==== Data listing ====

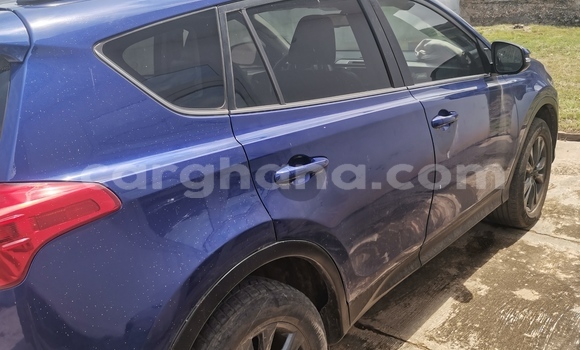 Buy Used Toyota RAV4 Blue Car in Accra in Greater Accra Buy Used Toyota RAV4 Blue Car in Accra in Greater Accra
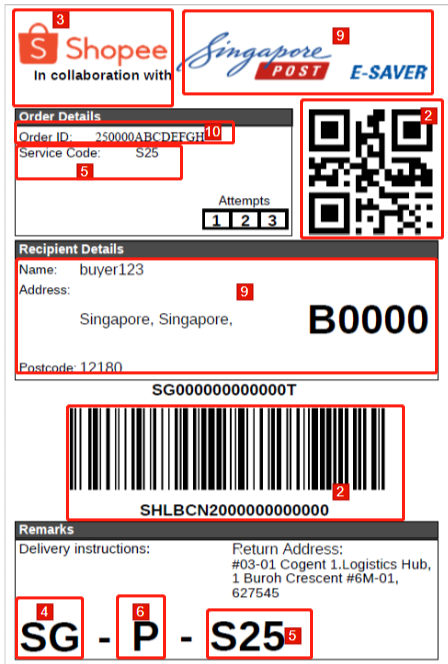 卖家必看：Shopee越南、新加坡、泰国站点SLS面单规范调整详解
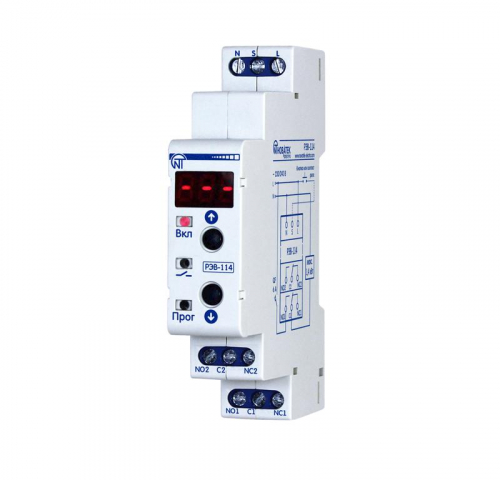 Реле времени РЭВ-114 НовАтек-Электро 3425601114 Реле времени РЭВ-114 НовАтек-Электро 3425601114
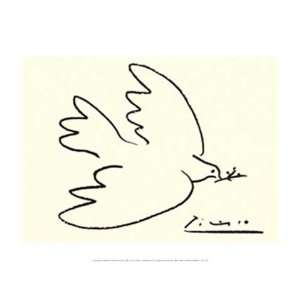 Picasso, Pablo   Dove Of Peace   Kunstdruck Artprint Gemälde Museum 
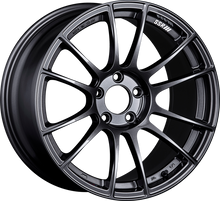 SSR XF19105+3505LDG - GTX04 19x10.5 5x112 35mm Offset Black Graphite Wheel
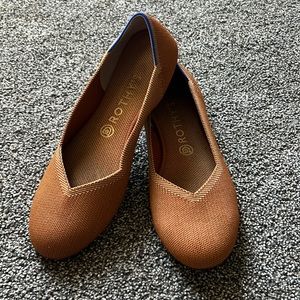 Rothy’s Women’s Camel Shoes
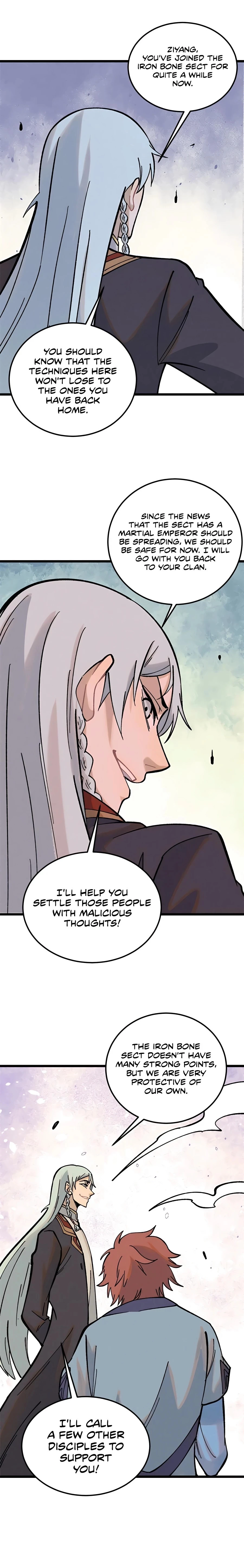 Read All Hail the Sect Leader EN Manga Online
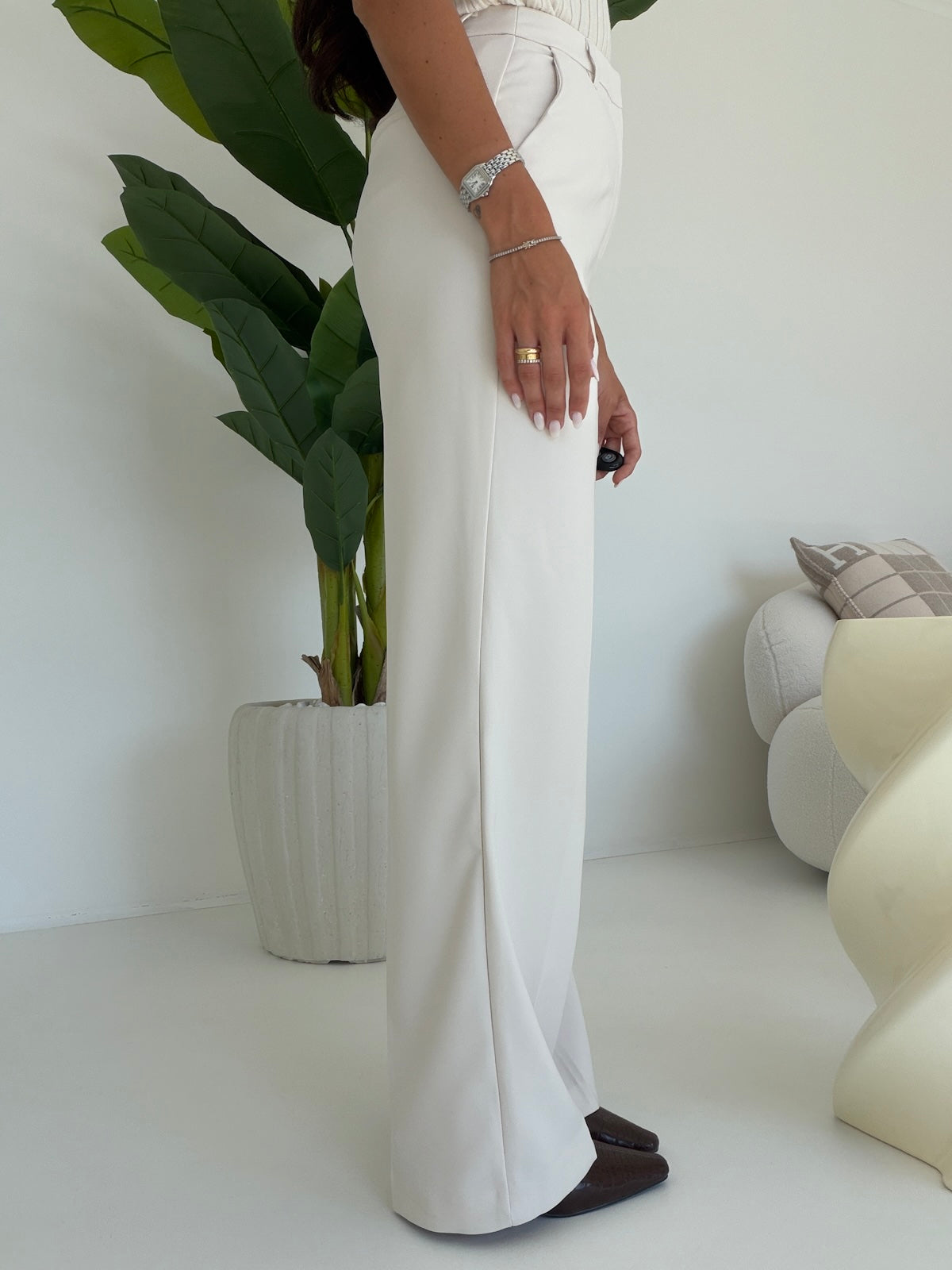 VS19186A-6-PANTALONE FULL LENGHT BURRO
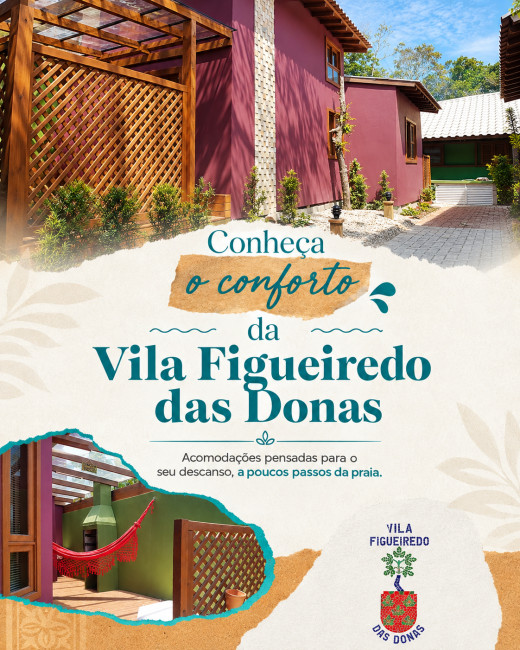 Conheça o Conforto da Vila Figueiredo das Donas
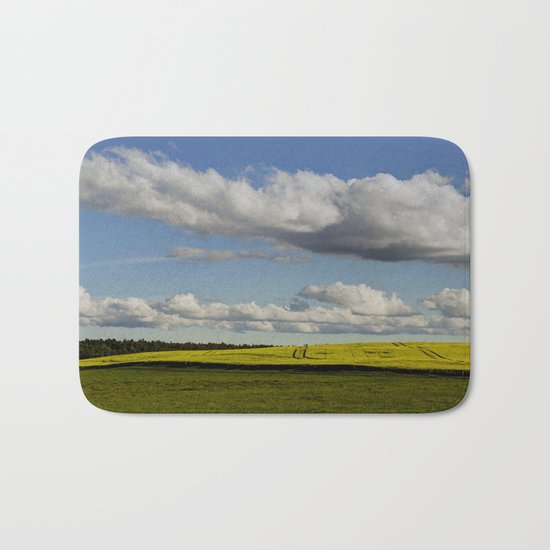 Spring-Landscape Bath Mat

====

Work item> Give back the records word for word, without their pictures.

Written answer>
 Buy Used Toyota RAV4 Blue Car in Accra in Greater Accra Buy Used Toyota RAV4 Blue Car in Accra in Greater Accra
 卖家必看：Shopee越南、新加坡、泰国站点SLS面单规范调整详解
 Реле времени РЭВ-114 НовАтек-Электро 3425601114 Реле времени РЭВ-114 НовАтек-Электро 3425601114
 Picasso, Pablo   Dove Of Peace   Kunstdruck Artprint Gemälde Museum 
 SSR XF19105+3505LDG - GTX04 19x10.5 5x112 35mm Offset Black Graphite Wheel
 Rothy’s Women’s Camel Shoes
 Read All Hail the Sect Leader EN Manga Online
 VS19186A-6-PANTALONE FULL LENGHT BURRO
 Conheça o Conforto da Vila Figueiredo das Donas
 Spring-Landscape Bath Mat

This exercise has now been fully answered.